By Reuters | Updated: 6 December 2022

A US agency that probes allegations of deceptive conduct confirmed on Monday that it had investigations open into several cryptocurrency firms for “possible misconduct.” The Federal Trade Commission spokesperson declined to name the firms or say precisely what actions prompted the investigations.

“While we can’t comment on current events in the crypto markets or the details of any ongoing investigations, we are investigating several firms for possible misconduct concerning digital assets,” the spokesperson said in a statement.

Bloomberg said in a report that the investigation was linked to misleading advertising but the FTC spokesperson declined to confirm this.

The spectacular implosion of FTX recently sent fresh shock waves through the cryptocurrency industry, with the value of Bitcoin down sharply this year.
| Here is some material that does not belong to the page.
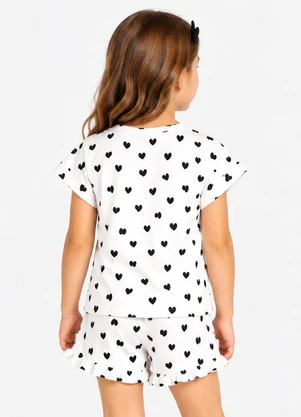 Select - Pijama Infantil Feminino Estampado Bege - SELECT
The Securities and Exchange Commission, which also has regulations mandating disclosures from individuals promoting securities, has cracked down on celebrity endorsements, including reality TV star Kim Kardashian on allegations of promoting a crypto token on her Instagram account without proper disclosure that she had been paid.

The FTC has also pursued companies that presented themselves as cryptocurrency-related firms but which were allegedly nothing more than scams.

Back in June, the FTC said in a report that more than 46,000 people reported losing over $1 billion (roughly Rs. 8,233 crore) in cryptocurrency scams since the start of 2021.

Nearly half the people who reported losing digital currencies in a scam said it started with an ad, post or a message on a social media platform, according to the FTC.

The craze for cryptocurrencies was at a fever pitch last year with Bitcoin hitting a record high of $69,000 (roughly Rs. 56 lakh) in November 2021.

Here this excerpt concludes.